Erika pricked up her ears. But? Miss Tess didn’t what? “Yes?” she invited.

She wanted to know about Mrs. Callender as a person. What kind of woman planted brilliant scarlet flowers in a thin, straight line like carefully spaced soldiers marching toward the front steps? Had Mrs. Callender been a kind woman? Did she like to laugh? Was she warm and caring as well as beautiful?

“Miss Tess never cared much for. Ah, well, never you mind. The bairn’s beginnin’ to wail, do ye hear? You’d best warm that milk you set such store by. I put your bucket in the pantry cooler. After that, you can help me with the ironing. I got too much starch in the doctor’s shirts again, and they scorch easy.”

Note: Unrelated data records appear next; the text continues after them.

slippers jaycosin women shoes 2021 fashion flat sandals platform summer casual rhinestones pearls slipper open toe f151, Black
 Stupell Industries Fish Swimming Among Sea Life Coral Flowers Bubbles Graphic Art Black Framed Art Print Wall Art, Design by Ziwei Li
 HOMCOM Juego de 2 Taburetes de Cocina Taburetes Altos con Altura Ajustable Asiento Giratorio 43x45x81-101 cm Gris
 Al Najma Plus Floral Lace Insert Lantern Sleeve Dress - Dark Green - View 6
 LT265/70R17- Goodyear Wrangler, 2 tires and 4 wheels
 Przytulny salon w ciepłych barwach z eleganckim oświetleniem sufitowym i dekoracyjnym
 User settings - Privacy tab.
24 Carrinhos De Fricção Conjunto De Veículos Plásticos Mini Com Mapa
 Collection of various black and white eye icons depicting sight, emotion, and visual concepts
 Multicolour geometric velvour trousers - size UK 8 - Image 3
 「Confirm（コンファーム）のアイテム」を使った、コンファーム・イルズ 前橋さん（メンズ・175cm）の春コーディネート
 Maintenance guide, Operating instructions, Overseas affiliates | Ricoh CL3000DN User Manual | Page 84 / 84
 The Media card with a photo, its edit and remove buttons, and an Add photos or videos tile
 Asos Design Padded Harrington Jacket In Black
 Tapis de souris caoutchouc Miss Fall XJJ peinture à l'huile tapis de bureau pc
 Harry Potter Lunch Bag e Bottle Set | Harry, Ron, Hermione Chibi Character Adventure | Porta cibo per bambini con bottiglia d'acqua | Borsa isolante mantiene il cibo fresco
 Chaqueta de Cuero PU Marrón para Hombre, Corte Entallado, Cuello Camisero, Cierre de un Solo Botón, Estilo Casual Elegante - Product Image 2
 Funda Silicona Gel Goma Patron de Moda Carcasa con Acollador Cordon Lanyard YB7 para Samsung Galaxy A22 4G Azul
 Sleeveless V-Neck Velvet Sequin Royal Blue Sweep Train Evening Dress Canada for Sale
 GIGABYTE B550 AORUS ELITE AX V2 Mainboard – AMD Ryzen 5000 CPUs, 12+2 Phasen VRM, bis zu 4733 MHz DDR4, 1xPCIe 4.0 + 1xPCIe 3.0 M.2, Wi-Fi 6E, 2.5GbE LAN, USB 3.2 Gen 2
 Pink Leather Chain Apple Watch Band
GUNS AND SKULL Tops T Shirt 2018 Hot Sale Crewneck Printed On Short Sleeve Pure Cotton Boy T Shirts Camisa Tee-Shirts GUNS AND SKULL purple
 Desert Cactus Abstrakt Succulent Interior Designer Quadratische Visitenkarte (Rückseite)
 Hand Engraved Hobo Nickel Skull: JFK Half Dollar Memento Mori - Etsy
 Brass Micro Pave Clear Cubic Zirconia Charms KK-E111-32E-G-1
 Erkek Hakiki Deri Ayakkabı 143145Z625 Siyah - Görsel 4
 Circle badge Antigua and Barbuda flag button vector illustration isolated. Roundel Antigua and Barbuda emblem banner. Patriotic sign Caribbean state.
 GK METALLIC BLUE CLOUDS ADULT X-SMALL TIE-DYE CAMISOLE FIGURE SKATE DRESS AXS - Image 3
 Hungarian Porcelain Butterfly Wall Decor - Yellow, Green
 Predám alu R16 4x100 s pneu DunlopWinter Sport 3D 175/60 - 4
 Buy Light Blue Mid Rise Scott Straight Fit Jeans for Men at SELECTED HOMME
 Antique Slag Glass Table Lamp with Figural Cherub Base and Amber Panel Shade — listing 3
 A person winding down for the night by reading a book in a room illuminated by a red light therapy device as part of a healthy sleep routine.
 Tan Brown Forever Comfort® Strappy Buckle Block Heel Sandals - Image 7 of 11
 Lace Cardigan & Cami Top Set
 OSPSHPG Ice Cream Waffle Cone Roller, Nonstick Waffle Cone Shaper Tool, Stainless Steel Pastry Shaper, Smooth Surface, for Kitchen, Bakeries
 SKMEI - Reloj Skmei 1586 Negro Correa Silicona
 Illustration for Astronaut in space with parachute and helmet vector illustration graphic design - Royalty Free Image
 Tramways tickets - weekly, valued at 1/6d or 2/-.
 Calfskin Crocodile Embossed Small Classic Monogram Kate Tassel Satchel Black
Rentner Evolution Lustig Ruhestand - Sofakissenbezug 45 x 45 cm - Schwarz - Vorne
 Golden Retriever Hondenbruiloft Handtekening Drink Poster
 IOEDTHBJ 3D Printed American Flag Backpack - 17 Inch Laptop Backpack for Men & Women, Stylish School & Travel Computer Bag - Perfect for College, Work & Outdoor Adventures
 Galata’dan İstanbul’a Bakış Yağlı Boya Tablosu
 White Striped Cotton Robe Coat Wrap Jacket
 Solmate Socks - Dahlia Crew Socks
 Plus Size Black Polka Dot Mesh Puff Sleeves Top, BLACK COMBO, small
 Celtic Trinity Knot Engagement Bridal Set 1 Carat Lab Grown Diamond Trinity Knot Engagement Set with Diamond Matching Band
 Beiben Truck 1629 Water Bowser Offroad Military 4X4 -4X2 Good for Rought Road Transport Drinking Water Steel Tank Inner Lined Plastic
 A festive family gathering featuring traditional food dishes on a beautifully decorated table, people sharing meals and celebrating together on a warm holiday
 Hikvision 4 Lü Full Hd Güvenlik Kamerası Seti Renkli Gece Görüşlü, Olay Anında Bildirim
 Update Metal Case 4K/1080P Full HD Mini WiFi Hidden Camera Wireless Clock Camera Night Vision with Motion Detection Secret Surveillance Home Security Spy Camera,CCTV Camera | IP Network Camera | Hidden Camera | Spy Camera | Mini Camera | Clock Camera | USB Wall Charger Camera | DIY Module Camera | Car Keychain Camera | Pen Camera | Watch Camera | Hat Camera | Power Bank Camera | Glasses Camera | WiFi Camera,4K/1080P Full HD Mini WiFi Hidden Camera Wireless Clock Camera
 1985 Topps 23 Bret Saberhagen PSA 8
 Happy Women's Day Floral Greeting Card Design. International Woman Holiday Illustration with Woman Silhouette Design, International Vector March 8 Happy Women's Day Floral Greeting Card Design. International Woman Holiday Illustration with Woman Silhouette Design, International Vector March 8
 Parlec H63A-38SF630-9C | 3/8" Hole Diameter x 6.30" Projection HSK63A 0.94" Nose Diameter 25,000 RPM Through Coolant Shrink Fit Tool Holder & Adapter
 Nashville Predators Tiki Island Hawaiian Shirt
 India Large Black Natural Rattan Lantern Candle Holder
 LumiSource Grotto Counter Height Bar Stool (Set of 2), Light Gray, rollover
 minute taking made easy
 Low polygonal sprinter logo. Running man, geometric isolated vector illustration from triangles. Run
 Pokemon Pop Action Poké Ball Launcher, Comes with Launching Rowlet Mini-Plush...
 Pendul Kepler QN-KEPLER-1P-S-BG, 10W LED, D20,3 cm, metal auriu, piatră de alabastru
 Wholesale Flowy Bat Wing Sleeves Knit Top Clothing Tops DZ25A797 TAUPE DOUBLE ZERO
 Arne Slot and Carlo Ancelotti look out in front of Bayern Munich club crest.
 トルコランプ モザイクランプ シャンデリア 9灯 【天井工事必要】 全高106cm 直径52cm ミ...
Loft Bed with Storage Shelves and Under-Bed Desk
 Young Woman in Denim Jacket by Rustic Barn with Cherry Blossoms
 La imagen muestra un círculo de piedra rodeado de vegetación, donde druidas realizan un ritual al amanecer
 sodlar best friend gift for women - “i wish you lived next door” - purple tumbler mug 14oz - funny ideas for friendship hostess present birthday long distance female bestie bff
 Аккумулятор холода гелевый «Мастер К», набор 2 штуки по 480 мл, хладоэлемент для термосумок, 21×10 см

Tess never cared for what? Erika wanted to shout, but Mrs. Benbow dismissed her with a wave. She pondered the unanswered question all the way up the stairs to the nursery. Perhaps later. She would spend all afternoon in the sweltering kitchen, helping the housekeeper with the ironing. Maybe then the old woman would finish that intriguing sentence.

But she did not Erika labored for hours over the starched white shirts as the baby slept in the nursery upstairs. By late afternoon her hands ached from lifting the heavy, nickel-plated sadiron and guiding it over the pleated shirtfronts. The six-mile walk out to Cyrus Peck’s farm and back early this morning hadn’t bothered Erika’s strong legs a bit, but pushing the heavy iron back and forth over acres of white linen made her shoulders ache.

The housekeeper smoothed sheets and pillowcases with a second iron until she plopped exhausted into the single chair next to the stove. “Teatime,” she announced in her raspy voice.

The thought of drinking a cup of scalding tea made Erika groan out loud. The kitchen was stifling, the air hot and heavy with moisture, the smell of scorch and tomato puree suffocating. She longed for a cool drink of spring water.

“You have a complaint, missy?” Mrs. Benbow queried, an unpleasant edge to her voice.

“Nein. No. Is very hot. I warm easy.”

The housekeeper sniffed. “A hothouse girl. But you work hard, I’ll say that for ye.”

“Papa used to say I do everything ‘hard.’ I do not like halfway things.”

Mrs. Benbow glanced up. “Your father is dead?”

Erika nodded. “Mama, too. Of fever, last year. We do not have doctor in my village.”

A curious look crossed the housekeeper’s face. “You mean you came to America alone? All by yourself?”

“Ja. No other way. No one in village want to leave, even though things there very bad. So I come alone.”

“Were…weren’t you frightened?”

“Oh, yes. I come anyway. Nobody see how I shake on inside.”

The housekeeper rose and set the teakettle on the stove. “I came with my Donald. I didna want to leave my home, but Donald wanted to build ships in America. Men are like that. They want to do things.”

“I also want,” Erika replied. “I want to speak good American, and be able to write, so I can become citizen. Maybe someday vote.”

“Vote! My stars, girl, are ye daft?”

Erika fished in her apron pocket for her notebook. “How spell ‘daft,’ please?”